The Yellow Wallpaper enlightens the reader about women’s health, motherhood, mental disorders, and treatment. This story is about feminism and gender relations in America at the end of the XIX century. Although many details have changed, the story is semi-autobiographical. The author relies on her health crisis, particularly her fraught relationship with Dr. Silas Weir Mitchell. According to Gilman himself, he drove her to “mental anguish” before she refused his treatment and started writing again. In this, a new critical approach will be applied, reasoning and exploring how the characters of the text describe and emphasize the persecution of women over some time. The author uses these literary elements to show the mistreatment of women during the 19th century.
The wallpaper is the most prominent symbol in this story, which also acts as the main element of the text. In general, the wallpaper reflects the way of thinking of the main character. Their influence may show other symbolic effects showing how women were generally perceived in the 19th century (Roethle 151). Contradictory patterns, angles, and curves can effectively reflect the main character’s emotions. In addition, the author considers the wallpaper as a kind of psychological trap for the main character. It is a wallpaper that remains more and more in the narrator’s head with his “vicious influence.” Behind him, the dim shapes become more apparent every day, sometimes in many women, sometimes in one, bending down and crawling along with the pattern.
The exact color “yellow” also creates another important symbolic effect. For a long time in history, yellow was considered the color of illness and weakness, which to a certain extent, correlates with the madness from which the main character suffers. The author emphasizes how hard women faced oppression and struggle in everyday life. Acting as a symbolic metaphor indicating how limited women are, the adjectives used by the author indirectly suggest that the inequality of women created by men can be “disgusting” (Roethle 151). What men have done to women can also be “unreliable” (Roethle 154). Other adjectives, such as “infuriate” and “torment,” can also be seen as a reflection of a woman’s feelings in the 19th century, especially given the close relationship between color and wallpaper (Salayo and Macam 46). The author’s descriptions are directly related to the fact that she is forbidden to do anything because of the atmosphere. With the help of this symbol, the author tried to facilitate the perception of her opinion and convey the message of feminism to the public.
The author’s images of barred windows serve as symbols of women’s retention, indicating the social perception of women’s roles. Windows has long presented an idea of the possibilities in various literary texts, but in this text, it nevertheless became a gateway to access the world (Salayo and Macam 46). All possibilities open through windows, but the heroine ignores them. The inability to go beyond the windows symbolizes that the heroine’s personality must abandon to be accepted by the community (Salayo and Macam 46). She was unwilling to see other women, as they resembled the main character’s life, which she did not want to follow. They may be seriously discriminated against if they express their opinions directly. The author conducts a game of symbols and their interpretation in our minds. Readers are accustomed to associating windows with gates through which you can get out and be free. In this work, windows are blocks because the society of that time did not allow the heroine to climb over the bars of the windows to gain freedom. If the heroine manages to escape, society may not accept her, and she may still be asked to hide behind these windows.

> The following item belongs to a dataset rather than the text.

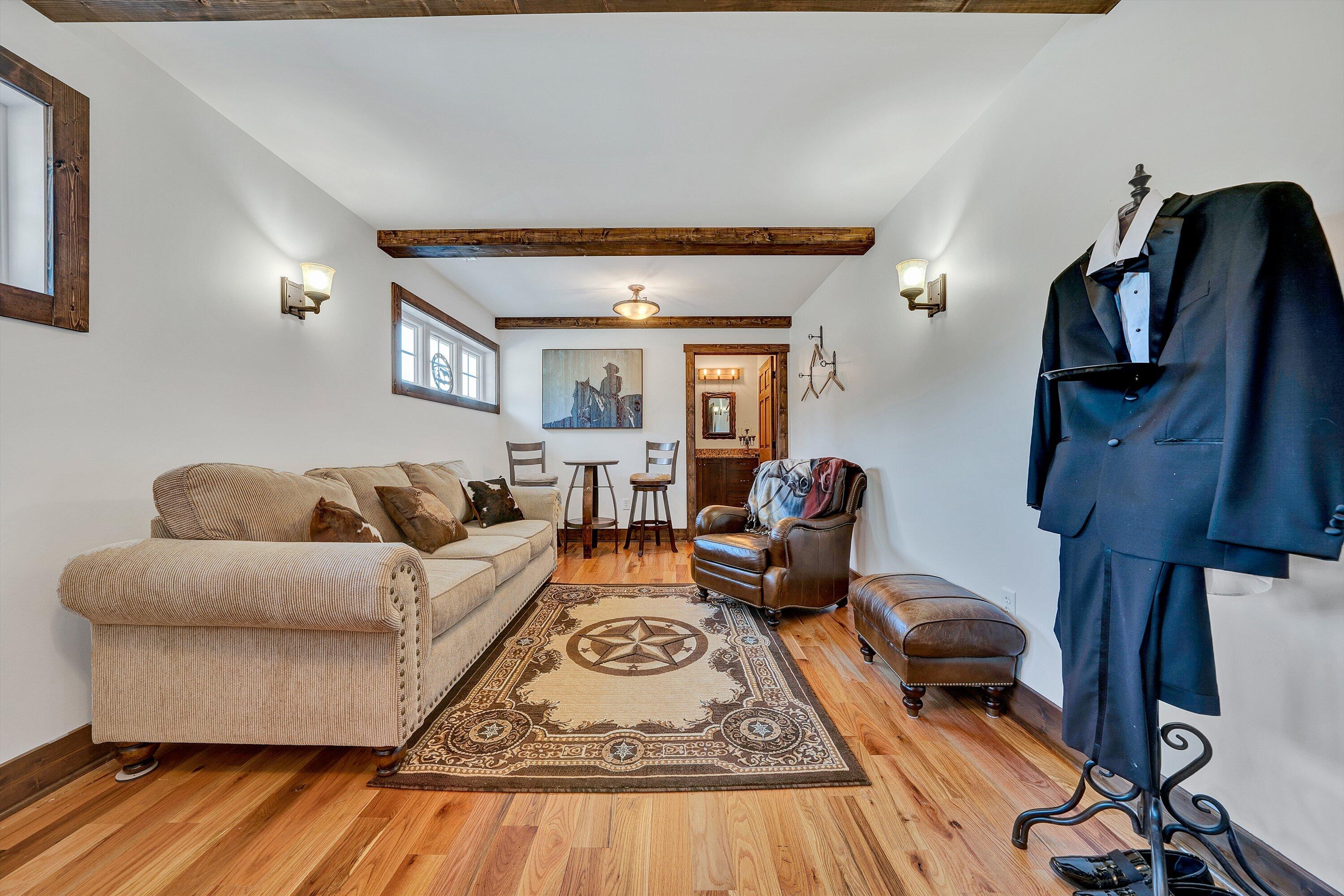 9945 Brooks Mill Road Wirtz, VA 24184 - Photo 32 of 69 a living room with furniture and a wooden floor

Based on the notation with signatures, it can be assumed that Gilman used such symbols to show how women were severely restricted in the 19th century. The characters are directly related to each other, with a strong meaning for each of them. The author did offer several basic ideas, including the equality of women and men in society and her call for the end of a male-dominated society. In general, The Yellow Wallpaper can be proven a feminist text that opposes culture in the 19th century.
Works Cited
Roethle, Christopher. “A Healthy Play of Mind: Art and the Brain in Gilman’s “The Yellow Wallpaper”.” American Literary Realism, vol. 52 no. 2, 2020, pp. 147-166.
Salayo, Juland, and April Macam. “From Fancy to Feminist Frenzy Fight: An Ideational Grammatical Metaphor of Charlotte Perkins Gilman’s ‘The Yellow Wallpaper’.” Journal of Foreign Language Teaching and Translation Studies, vol. 5 no. 2, 2020, pp. 39-64.